Con ello nos insta a desobedecer, pero no por cualquier antojo o capricho, sino porque tengamos razones para no actuar injustamente, para no ser cómplices del mal gobierno: “Si (el gobierno) es de naturaleza tal que requiere de vosotros como agentes de injusticia para otros, entonces os digo: romped la ley. Que vuestra vida sea una contrafricción que detenga la máquina. Lo que hay que hacer, en todo caso, es no prestarse a servir al mismo mal que se condena”. Sus ideas y su estilo de vida han inspirado a escritores de la talla de León Tolstói (1828-1910) y animales políticos como Gandhi (1869-1948) o Martin Luther King (1929-1968). Desde cada uno de sus ámbitos, arremetieron contra los límites del poder establecido, ampliando las libertades por las que somos como somos.
Un Estado Democrático de Derecho descansa sobre algunos pilares fundamentales: una ley igual para todos, pluralismo ideológico, de partidos y de medios, libertad de expresión, uso público de la razón, principio de falibilidad, es decir, estar abiertos a reconocer que se pueden mejorar las leyes, las instituciones, los procedimientos… En el fondo, la figura del desobediente civil tal como la cultivó y describió Thoreau está vinculada con el asentamiento y la consolidación de estos pilares, que no son nunca definitivos. Por eso la desobediencia civil, como señalara Jürgen Habermas (1929), es una piedra de toque del Estado Democrático de Derecho y, por lo tanto, no deben tomarse a la ligera las razones del buen desobediente si queremos mejorar las leyes por las que regimos la vida en común.
Hacia el final de Del deber de la desobediencia civil, se pregunta: “¿Es la democracia, tal como la conocemos, el último logro posible en materia de gobierno? ¿No es posible dar un paso más hacia el reconocimiento y la organización de los derechos del ser humano?

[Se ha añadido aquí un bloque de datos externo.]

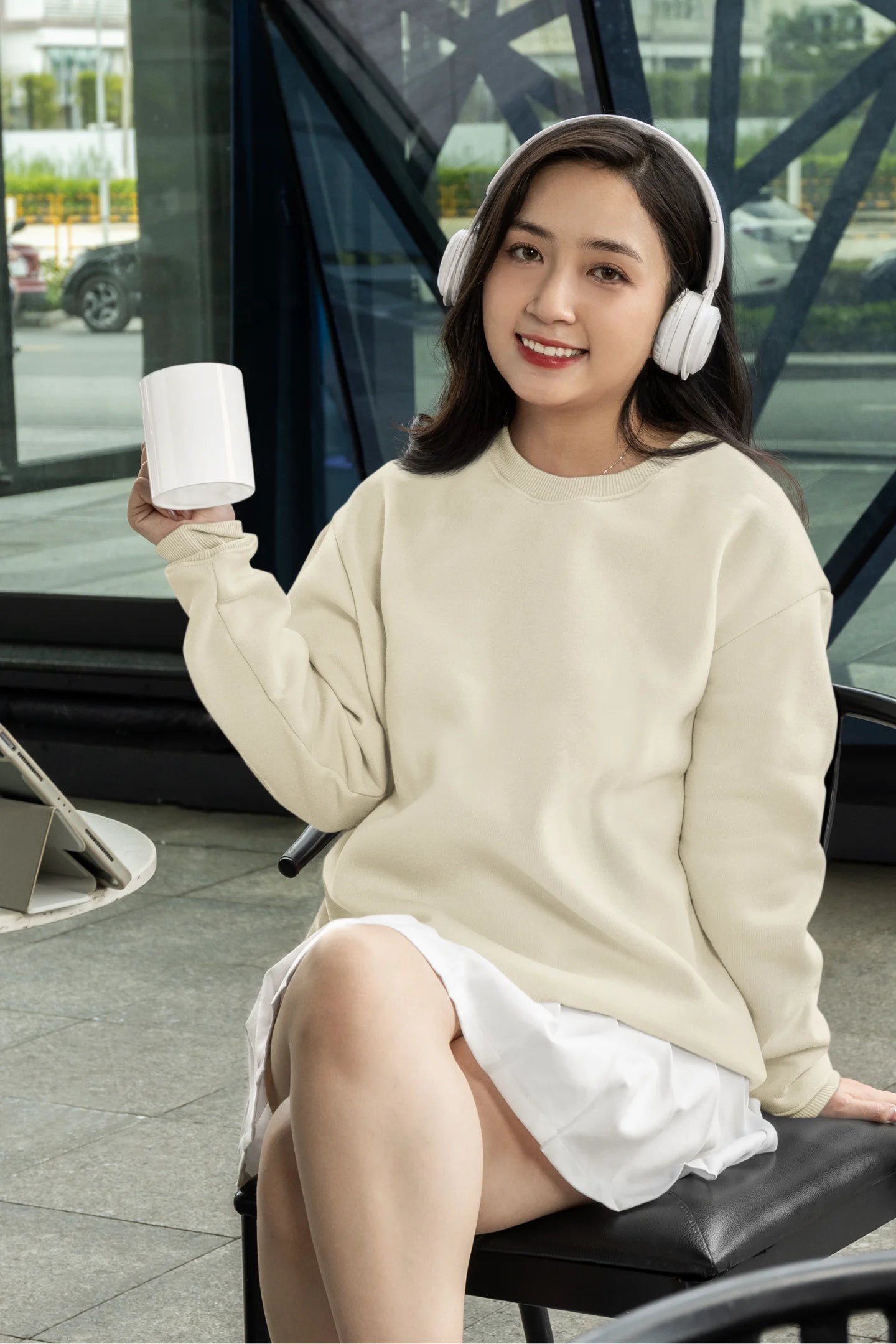 Fourth front view of female model wearing a cream F.R.I.E.N.D.S. sweatshirt featuring a design inspired by Joey Tribbiani's funny quotes and signature charm.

Nunca podrá haber un estado realmente libre hasta que no reconozca al individuo como poder superior independiente del que deriva el que a él le cabe y su autoridad, y, en consecuencia, le dé el tratamiento correspondiente”. A lo que parece que está apelando aquí es a un concepto entonces en germen pero actualmente indispensable, la legitimidad.
Sabemos que la democracia legítima es un ideal, pero un ideal de justicia al que no podemos renunciar. Sabemos que muy difícilmente se alcanzará de manera plena “un estado realmente libre” tal como lo soñaba Thoreau, pues la naturaleza del poder, y quizá no solo político, tiende hacia el abuso, la degeneración y la corrupción. Tal vez por ello necesitemos siempre disidentes que se rebelen frente a la opresión y la tiranía y nos permitan comprender los abusos e injusticias que se cometen. No lo recuerdo ahora porque se cumplan dos siglos de su nacimiento; lo recuerdo ahora porque el planeta y las diversas formas de gobierno necesitan a seres con la sensibilidad poética y ecológica y el coraje cívico-político de Henry David Thoreau.